Um dia, Carlos parado ao balcão, viu entrar Ricardo. Ele vinha acompanhado de uma bela garota e mais uns poucos colegas da firma. Riam-se todos como se a noite estivesse uma diversão só. Carlos fitou-o e sentiu sua cabeça esquentar. O barulho do bar não mais era ouvido por ele. Suas mãos, cerradas, avermelhavam-se tamanha era a força com que ele as espremia. Por um minuto, parou fitando o rival, lembrando de todos os momentos que tiveram juntos e recordando o plano que traçara para vingar-se. Uma vingança cruel. Que levaria Ricardo ao mesmo inferno em que este o deixou. Ricardo e sua turma passaram por ele como se este não existisse e, sem muito se fazer notar, Carlos puxou o braço do amigo. Ricardo olhou Carlos e assustou-se com o semblante daquele que, tempos atrás, fora seu grande companheiro de farras.

- Carlos, o que faz aqui? Está sumido. Como anda lá no arquivo?
- Maldito seja você Ricardo. Porque me ignora? O que fiz para tal? Era meu amigo, compartilhávamos a vida e agora me deixa só? O que fiz? Diga!

- Ora Carlos, deixe de meninices. Sabes bem que não tenho só você como amigo. Cansei.

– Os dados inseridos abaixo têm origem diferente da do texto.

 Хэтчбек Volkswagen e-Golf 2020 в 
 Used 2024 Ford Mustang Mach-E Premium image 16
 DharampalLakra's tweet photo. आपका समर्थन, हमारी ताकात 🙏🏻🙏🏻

Cansei de sua companhia. Quero outras. Quero beber outras doses de vida que a sua não mais me sacia.

- É assim? A mim, você não quer mais? Minhas conversa não mais te divertem? Pois odeio-te Ricardo. Odeio-te mais que possa eu odiar a qualquer outra coisa. Odeio-te mais que o próprio ódio pode ser! Quero que morra. Que sofra como me fez sofrer.

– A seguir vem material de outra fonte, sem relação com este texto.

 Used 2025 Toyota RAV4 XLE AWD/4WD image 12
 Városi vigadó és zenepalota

- Ah Carlos, nem é para tanto néh? Parece que me namorava ora! Vá viver sua vida e deixe-me viver a minha.

- Vou deixá-lo sim. Vou deixá-lo viver sua vida mas assueguro-te que esta nunca mais será dourada e doce como dantes foi.

Dito isso, Carlos pega em eu bolso um canivete de fumo, hábito que carregava desde a infância na roça. Ricardo de princípio não reconhece o objeto mas, ao ver-lhe melhor, recua e pede a Carlos que se acalme.

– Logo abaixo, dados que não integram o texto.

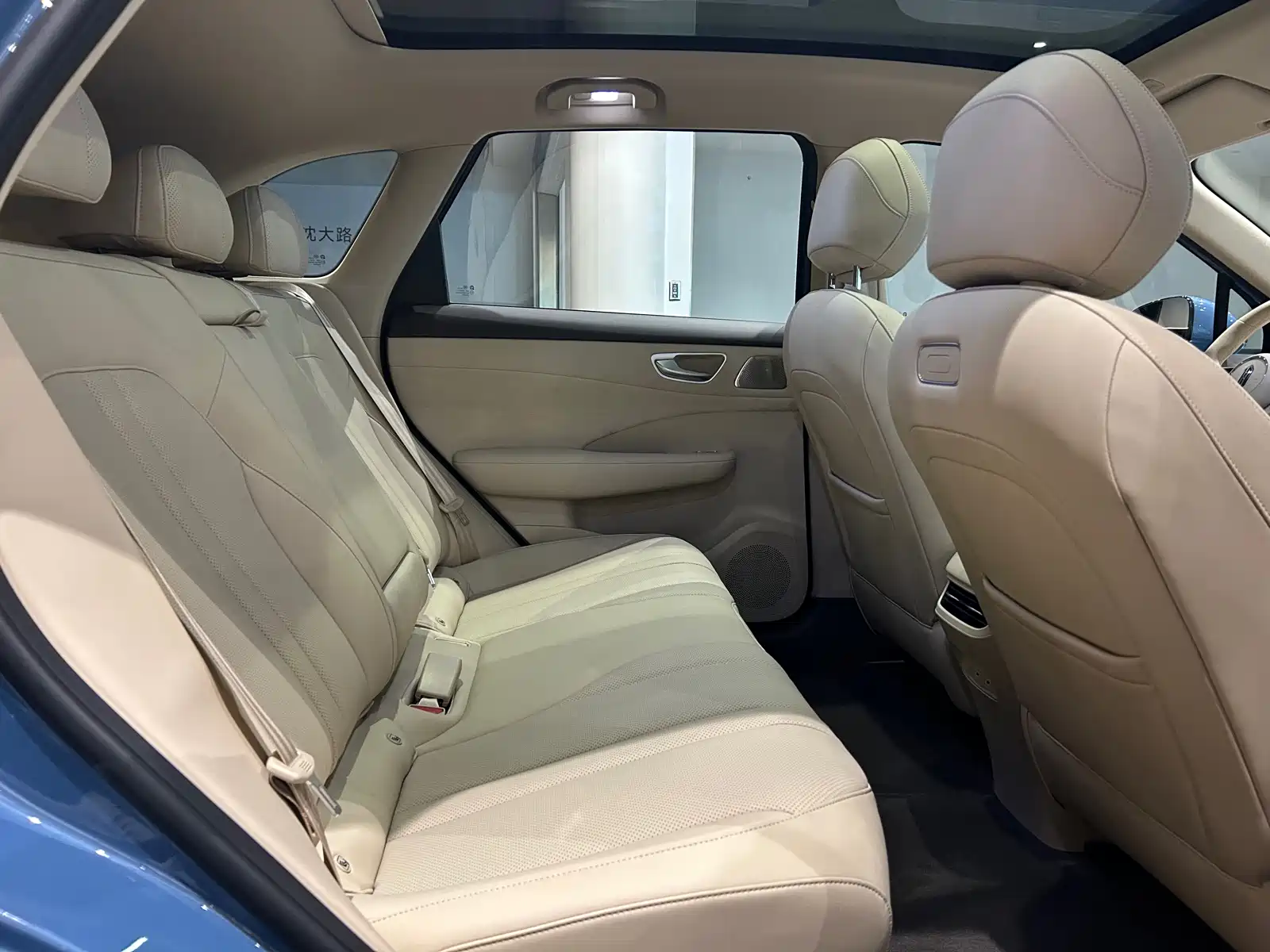 Фото 14 - Shangjie SUV
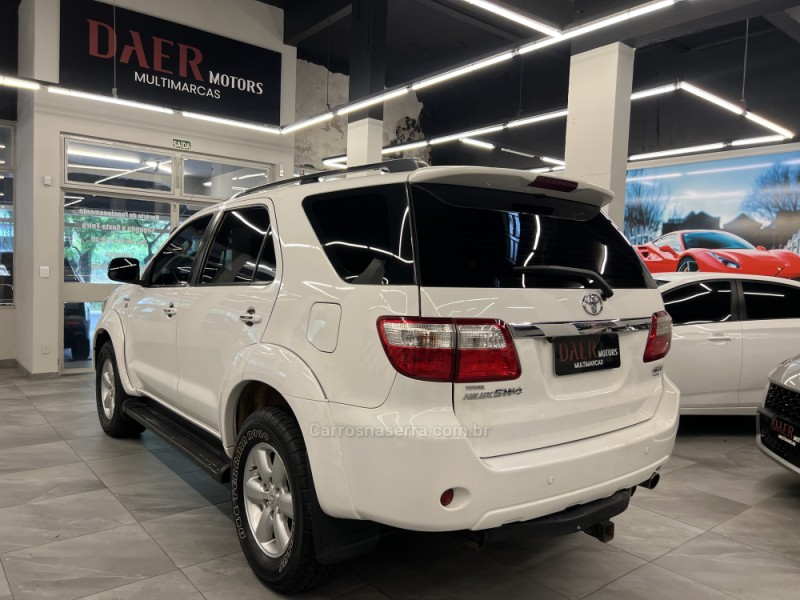 HILUX SW4 3.0 SRV 4X4 7 LUGARES 16V TURBO INTERCOOLER DIESEL 4P AUTOMÁTICO - 2011 - NOVO HAMBURGO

- Acalmar-me o caralho, seu puto desgraçado. Você quer viver sua vidinha de playboy? Pois viva. Viva bem, se conseguir.

Dito isto, Carlos abre seu canivete, passa-lhe o dedão sobre a lâmina para conferir o fio e, certo que este cortará, rasga sua goela de uma orelha a outra. Um corte fundo até o meio, ponto onde a dor tira-lhe as forças e o impede de exercer a pressão ideal ao instrumento, mas suficiente para romper, cortar, arrebentar e dilacerar todos os vasos e veias de que precisava. E Ricardo, paralisado com cena, vê-se lavado em um esguicho de sangue de sai com pressão do corte do amigo. Carlos, terminada a ação, baixa a mão, olha o sangue no canivete, o limpa com a camisa e guarda no bolso. Sobe então seus olhos até fitar os de Ricardo e, por um instante, saboreia todo o terror que causara ao ex-amigo. Volta então a baixar os olhos e começa a sentir que sua camisa gruda-lhe ao corpo, empapada de sangue que está. Não sente dor, apenas uma estranha secura na garganta. Um gosto de ferro. Como se estivesse a chupar um parafuso. Esforça-se para pensar em sua família, que deixara na roça, mas dela não se lembra mais. Pensa então nas putas da Zona que mais gostava e um sorriso modesto muda-lha a face. Repentinamente, sente a cabeça pesar-lhe mais que uma tonelada. Puxa para traz, como se uma corda amarrada a seu pescoço estivesse querendo fazer-lhe deitar de costas. Ergue o queixo, tombando a cabeça para traz até que o corte em sua garganta se abre por completo. A esta altura, Ricardo já corre ao balcão pedindo que lhe acudam. Carlos não ouve mais nada. Sente somente que o peso à cabeça vai lhe puxando para traz até que para. Completamente embebido em seu sangue ele cai no chão do bar. O silêncio é total. Em sua face, somente um modesto sorriso em memória às suas doces putas.